REQUIRED ACTION
In the data below, locate the line containing "Wedding morning of" and the line containing "a kitchen with", then retype both and everything between them exactly. Pictures are not part of the copy.

─── SUPPLIED MATERIAL ───

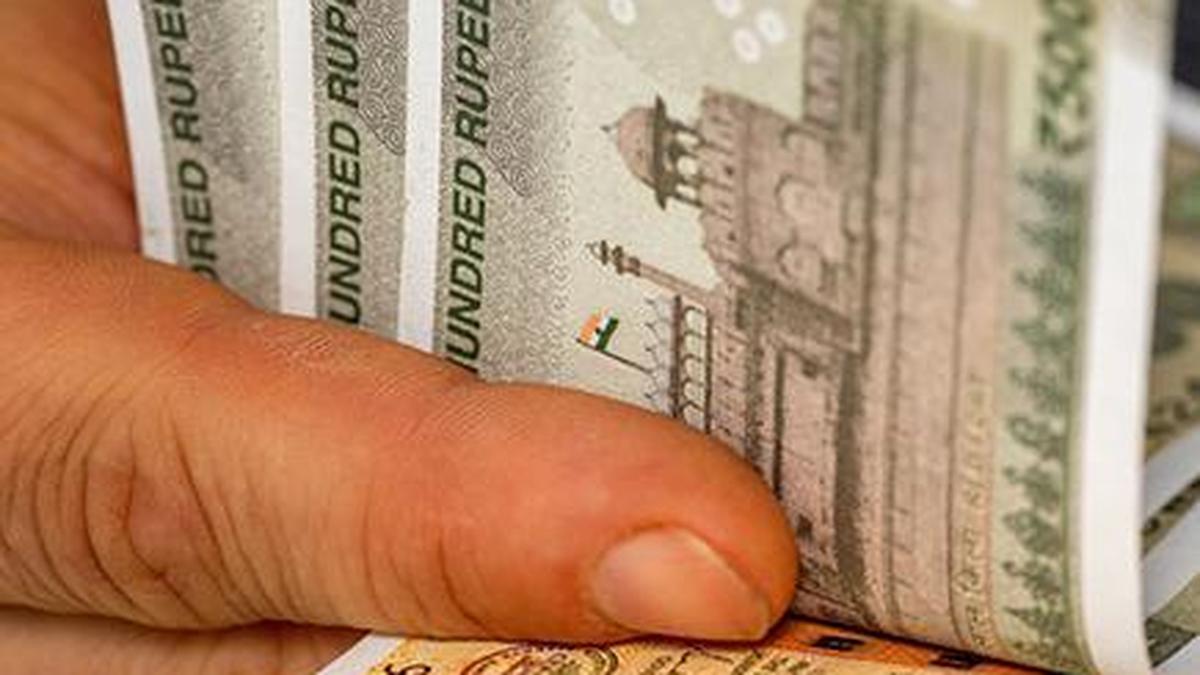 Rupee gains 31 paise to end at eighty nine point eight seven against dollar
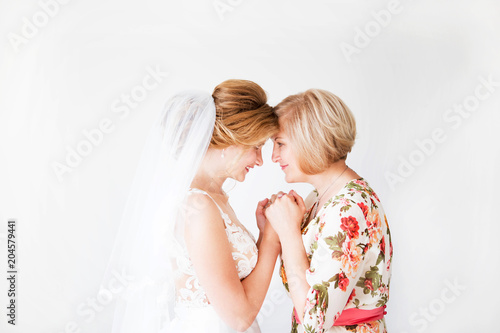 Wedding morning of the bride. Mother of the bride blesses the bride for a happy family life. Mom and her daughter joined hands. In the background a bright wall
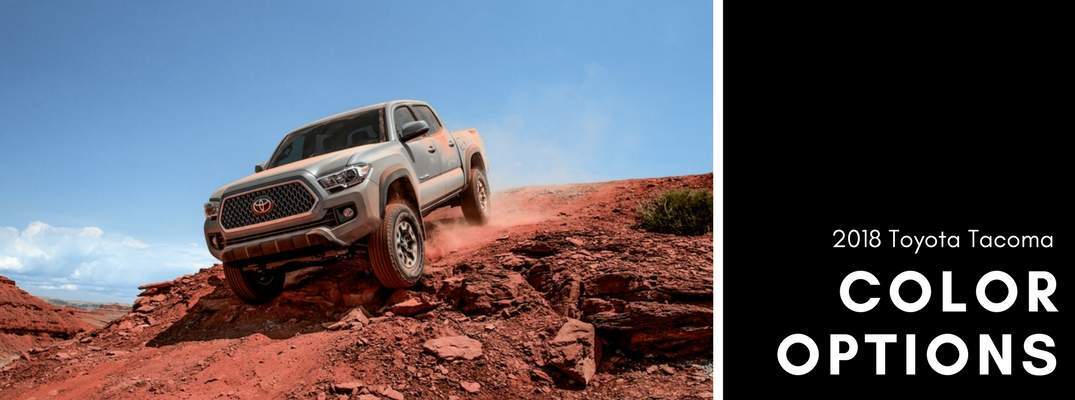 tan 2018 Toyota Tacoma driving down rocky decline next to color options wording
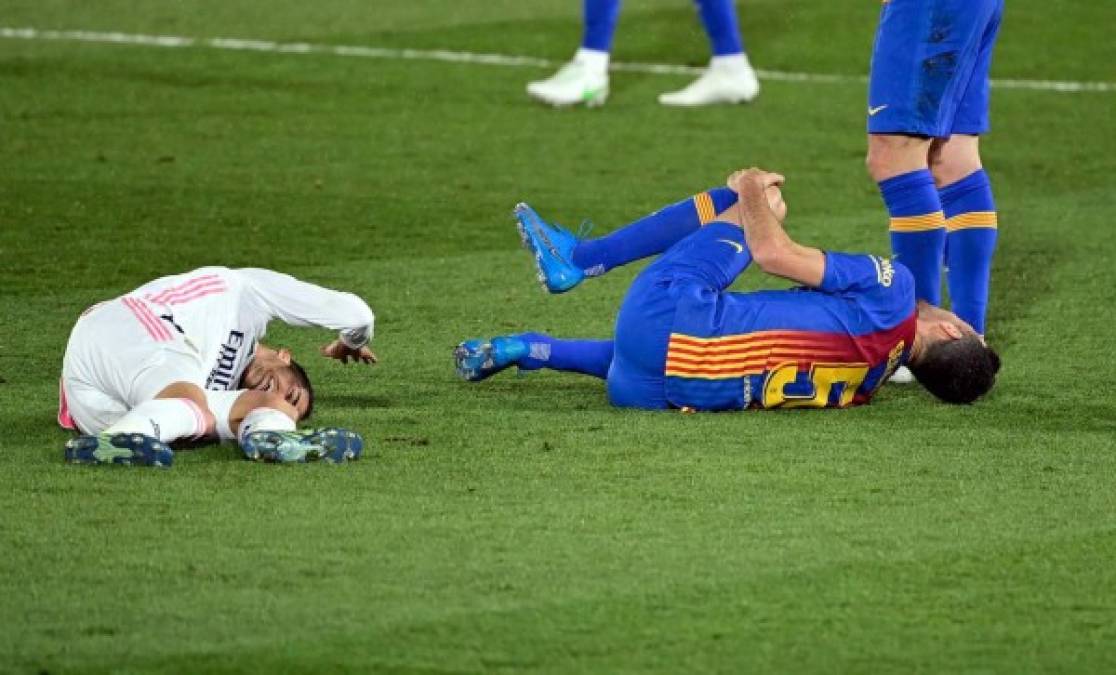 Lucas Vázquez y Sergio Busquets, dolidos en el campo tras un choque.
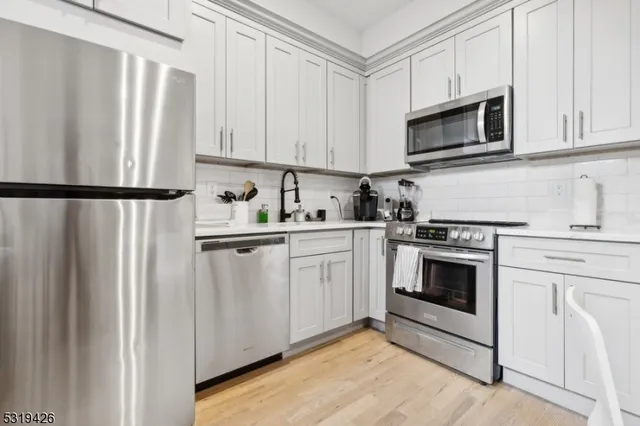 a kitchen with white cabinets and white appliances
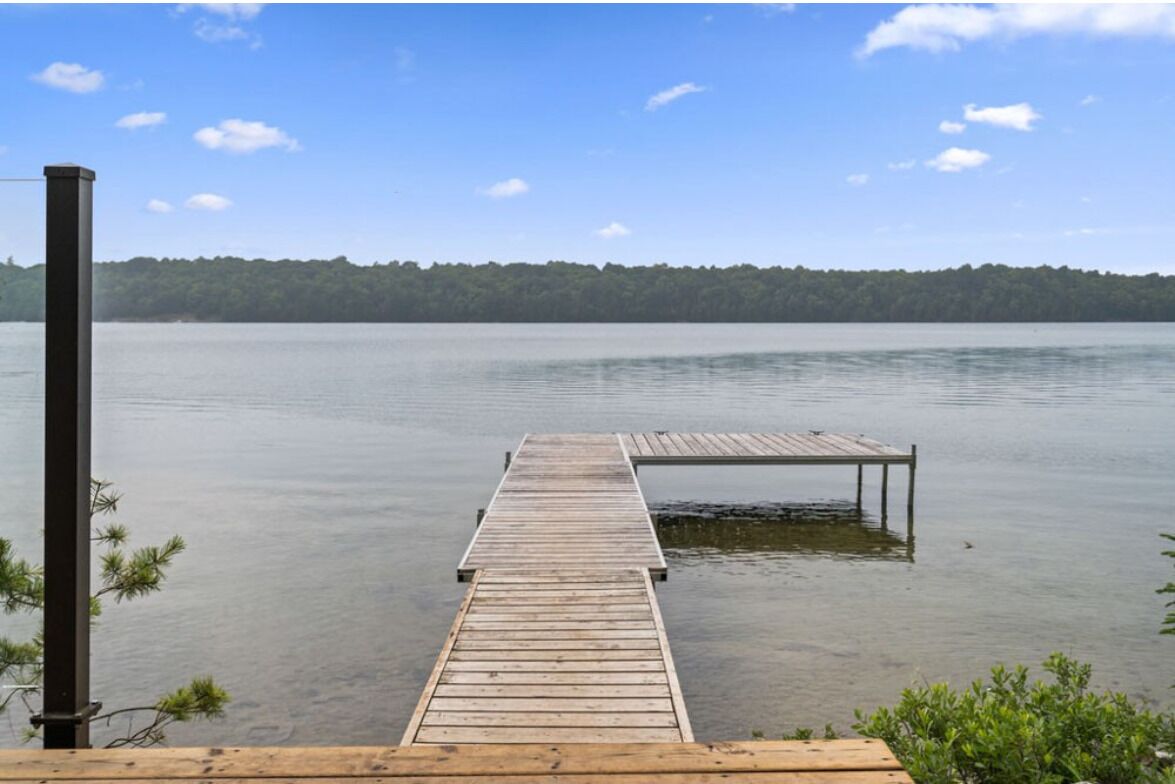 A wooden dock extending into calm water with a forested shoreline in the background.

───

RESPONSE AREA
 Wedding morning of the bride. Mother of the bride blesses the bride for a happy family life. Mom and her daughter joined hands. In the background a bright wall
 tan 2018 Toyota Tacoma driving down rocky decline next to color options wording
 Lucas Vázquez y Sergio Busquets, dolidos en el campo tras un choque.
 a kitchen with white cabinets and white appliances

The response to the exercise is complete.